PRRI is a Washington-based, nonprofit, nonpartisan, nondenominational organization, whose religious identity study was funded by major national foundations. While the study did not specifically focus on schooling, the findings provide important insights into the cultural context in which public education must operate in the 21st Century.

In today’s religious landscape, according to PRRI, 15 percent of Americans are nonwhite Protestants, seven percent are Hispanic Catholics, two percent are Jewish, and Muslims, Buddhists, and Hindus represent about one percent each.

“No religious group is larger than those who are unaffiliated from religion,” says the report. “Nearly one in four (24%) Americans are now religiously unaffiliated.”

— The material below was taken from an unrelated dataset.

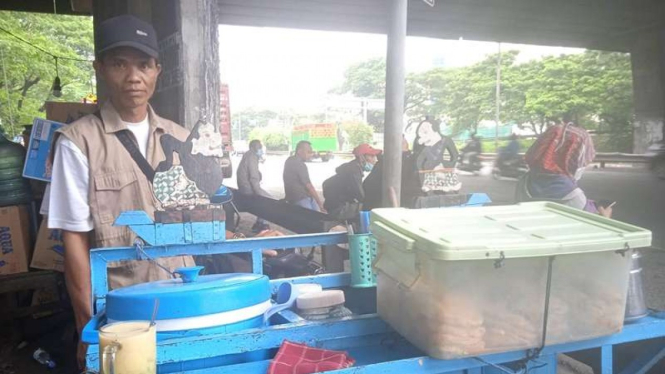 Bangun Wahyudi, penjual es dawet yang viral mendukung Jokowi tiga periode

The PRRI survey detected a significant generational stratification in religious adherence. Among Americans 65 and older, two-third identify as white and Christian — 26 percent evangelical Protestants, 19 percent mainline Protestant, and 16 percent Catholic — with merely 12 percent unaffiliated. In contrast, fully 38 percent of 18-to-29-year-olds identified as religiously unaffiliated, and only about one-quarter as white and Christian.

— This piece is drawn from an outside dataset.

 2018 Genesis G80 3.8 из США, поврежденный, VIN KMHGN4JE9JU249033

The RPPI also makes the point that racial, ethnic, and religious identities shape political identity in this polarized nation. While educators must remain sensitive to the demographic and cultural shifts that shape their cohort of students, public schools also have to navigate their way through often-rough political waters.

Even though white Christians now account for just fewer than half of American adults, the RPPI finds that “roughly three-quarters (73 percent) of Republicans belong to a white Christian religious group.” In the federal government, in North Carolina and in most states, Republicans hold governing power.

In the multi-ethnic coalition that is the Democratic Party, white Christians have become a minority. At the same time, says RPPI, “white evangelical Protestants remain the dominant religious force in the GOP.”

The nation’s dramatic economic, cultural, and political changes have left many Americans feeling as if they are strangers in their own land. In a complementary survey of 3,400 Americans in April and May that explored child and family well-being, RPPI provided data to document the civic distemper.

“Almost half of Americans (44 percent) agree that things have changed so much that they often feel like strangers in their own country,” RPPI reports. Older adults are more likely to express such a sentiment than younger adults. Whites feeling estranged have held at about 40 percent recently. But noticeably, black Americans feeling like strangers jumped from 48 percent in 2016 to 59 percent in 2017 — surely attributable to discontent arising from Trump administration rhetoric and policy shifts and from the renewed visibility of white-supremacist activities.

Over time, public education has served the nation as a vital vehicle for advancing economic prospects of both the nation itself and individual citizens — and for moving the United States toward the ideal embodied in its motto, E Pluribus Unum. Now, just as public schools have the job of producing skilled workers, managers, and entrepreneurs for the modern economy, so schools also face the task of educating a rising generation that reflects the new cultural reality.

Ferrel Guillory

Ferrel Guillory is a founder and serves on the board of directors of EducationNC.